Chief Financial Officer Michelle Weidner said that transfer will include about $250,000 in employee benefits, while just under $100,000 in forestry operations currently funded with road use tax will be returned to the property tax supported general fund budget.
That is a major change in public policy from the past decade.
During the late 1990s city policy makers cut the street department work force from 55 to 35 employees. The savings helped reduce property taxes by shifting more roadside mowing, engineering, worker health insurance expenses out of the general fund and into the road use budget.

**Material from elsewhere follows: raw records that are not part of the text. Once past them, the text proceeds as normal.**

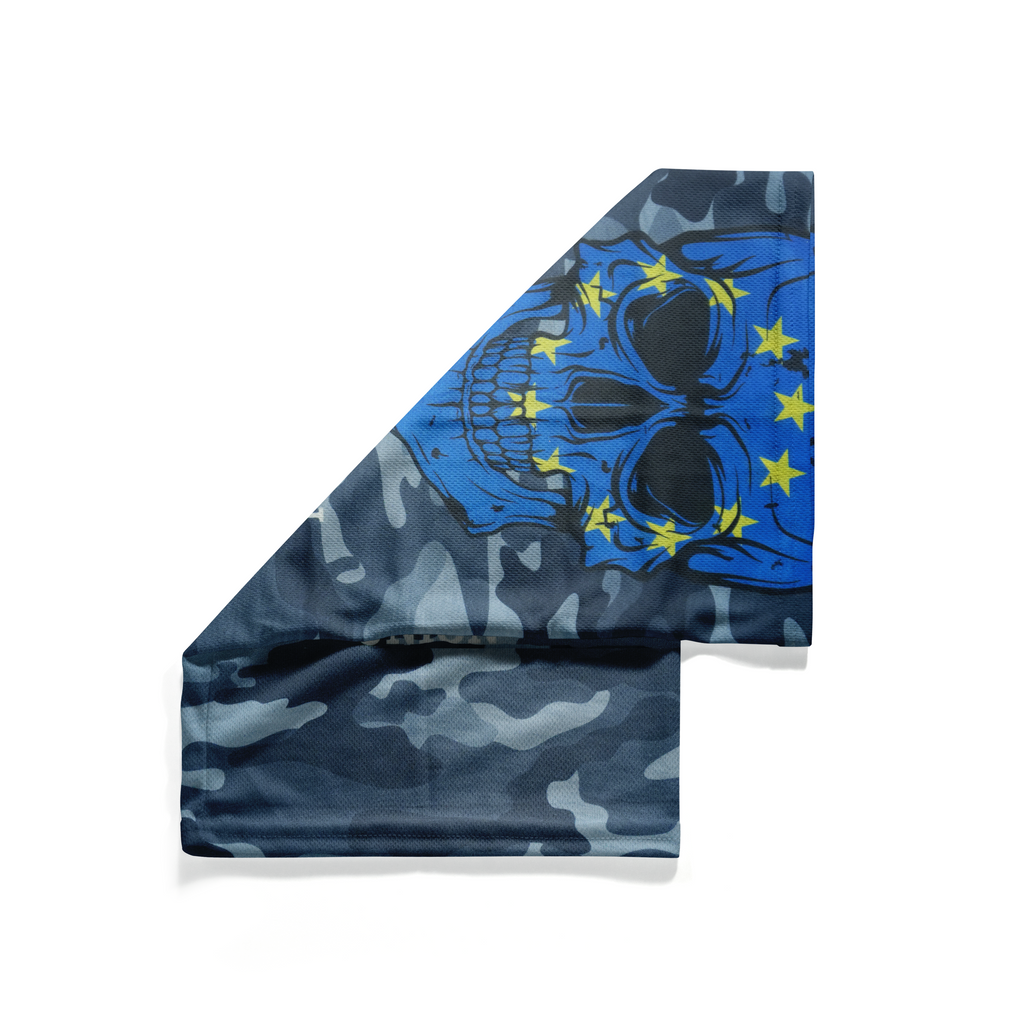 Pasamontañas tipo bandana con bandera de calavera Hecho en Europa – Mascarilla transpirable para el cuello como protección facial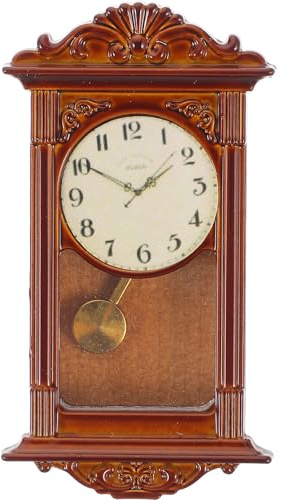 HEMOTON Pendeluhr Pendel Wanduhr Retro Quarz Wanduhr Miniatur Pendeluhr Mini Standuhr Puppenhaus Modell
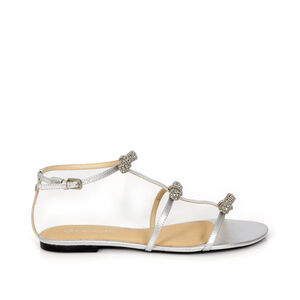 SANDÁLIA RASTEIRA PRATA METALIZADA DE COURO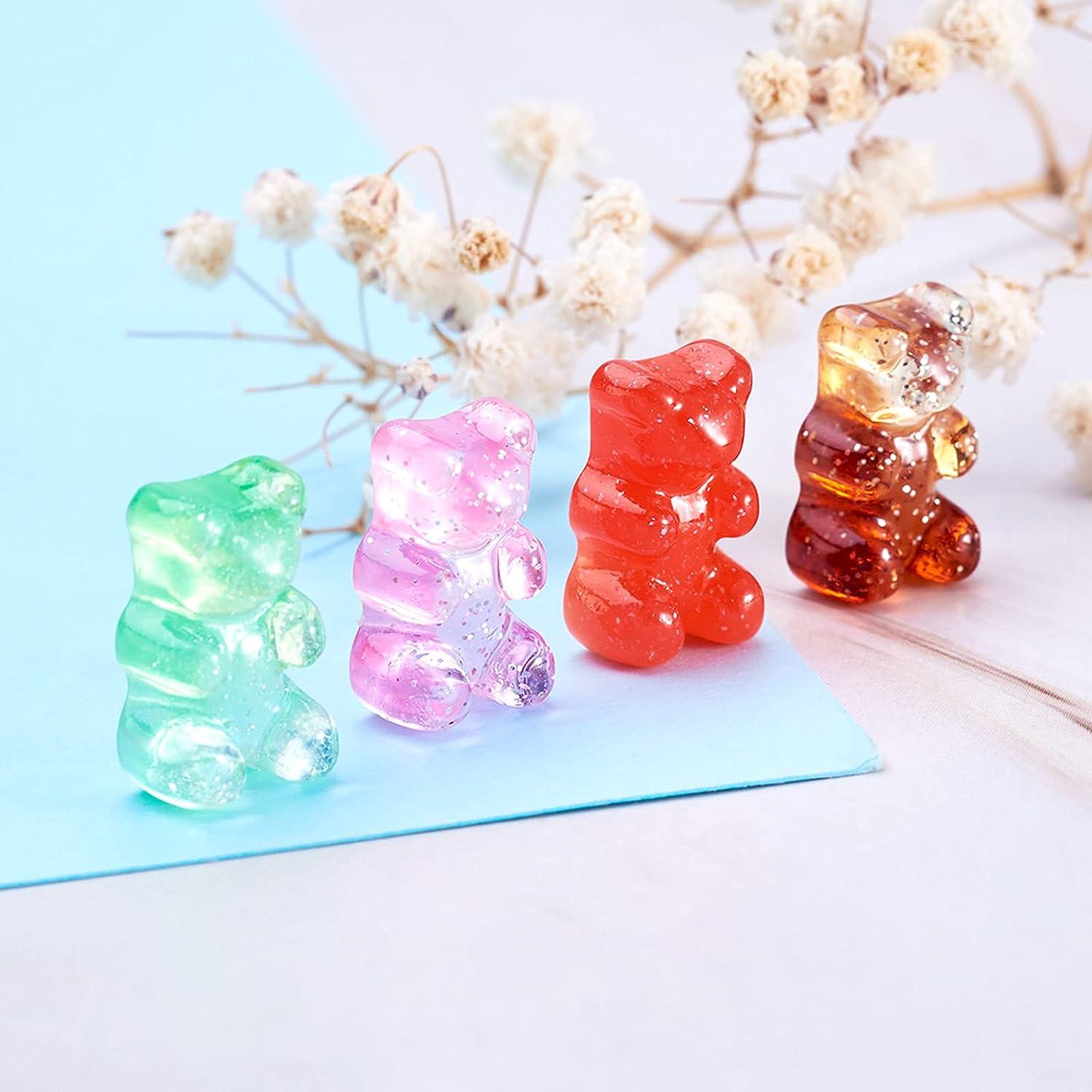 Colorful Gummy Charms Bear Pendant Glitter Resin Bear Charms Gummy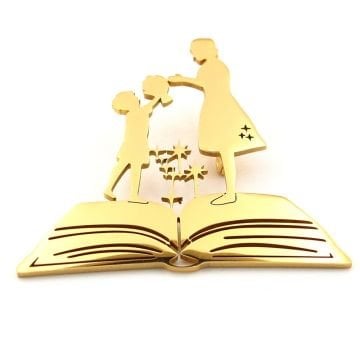 Öğrenci Kitap Okul Öğretmenler Günü Sarı Paslanmaz Çelik Rozet Broş RZ331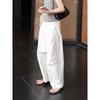 White Casual Pants for Women, 2026 Summer New Style, Simple and Fashionable, Trendy, Versatile, American-Style, Unique Straight-Leg Wide-Leg Pants
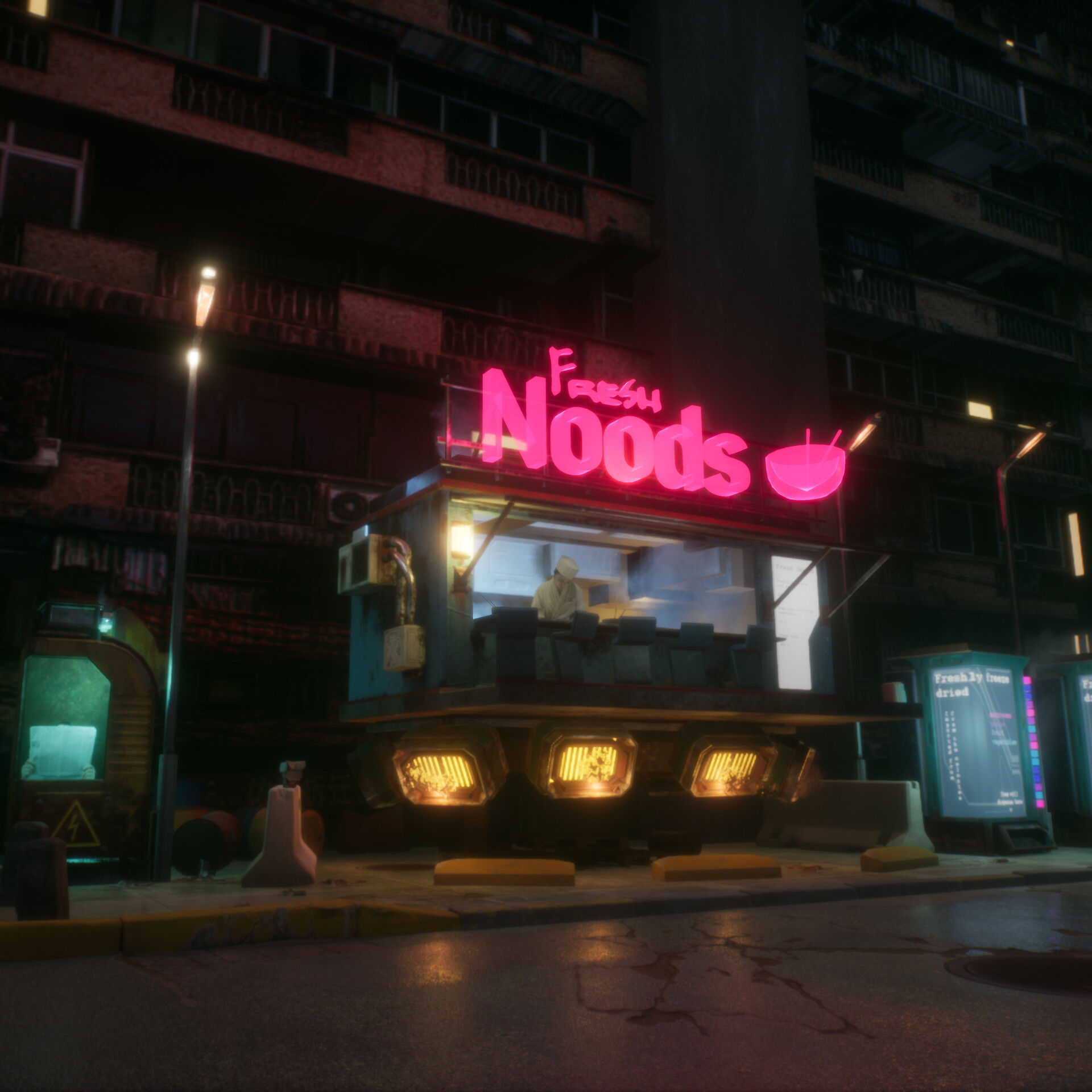 Wallpaper #hmcLDJMBSpphPi3-dNxk4 Artstation Cyberpunk Noodle Bar Unreal Engine Scene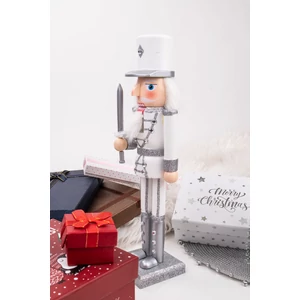 Fehér-Ezüst Ruhás Fából Készült Diótörő Figura - 25 cm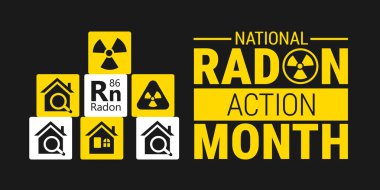 Ulusal Radon Eylem Ayı arka planı, afiş, kart veya poster tasarım şablonu, görev hakkındaki farkındalığı artırmak amacıyla her yıl Ocak ayında gözlemlenmektedir. Vektör illüstrasyonu.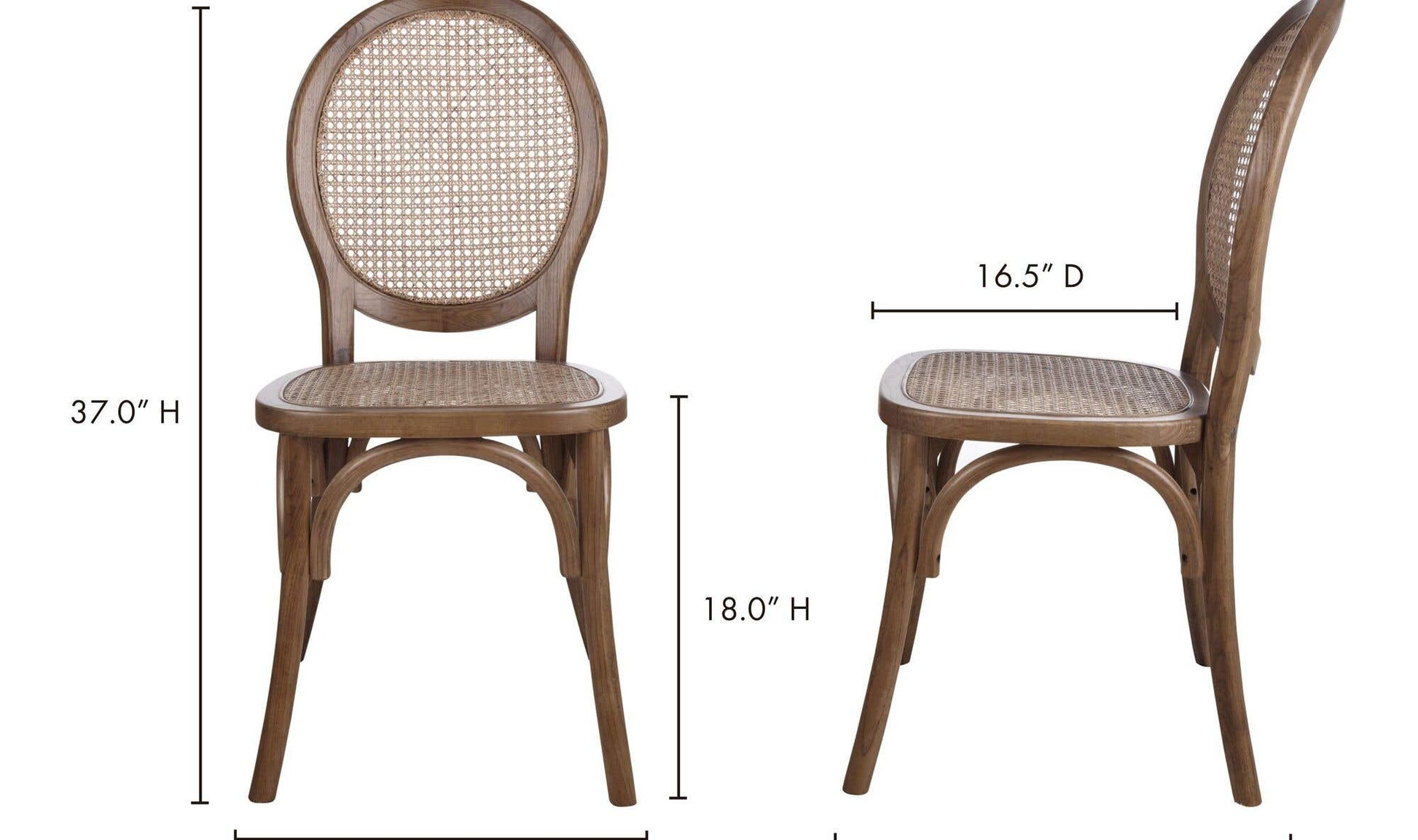 Rivalto Dining Chair Brown - Set Of Two by Moe's Home Collection - view 16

Meanwhile, statewide road use tax collection, which grew an average of 4.5 percent per year from 1990 to 2000, hit a wall. According to a 2006 Iowa Department of Transportation report to the Iowa Legislature, average annual growth in the road use tax fund had fallen to 1.5 percent from 2001 through 2006.
"As with federal funding, state funding has seen very little growth recently and its buying power has diminished dramatically due to construction cost increases," the DOT report stated. "Based on forecasts of future travel, vehicle purchases and other factors that affect the (road use tax fund) revenue, the level of (that) revenue will continue to annually increase slightly, but also continue to lose significant ground in buying power."
State legislators are currently considering a bill to boost vehicle registration fees, which would pump more money into the road use tax fund. But such efforts could be difficult in an election year.
That leaves local governments, which receive road use tax on a per capita basis, to scrape by.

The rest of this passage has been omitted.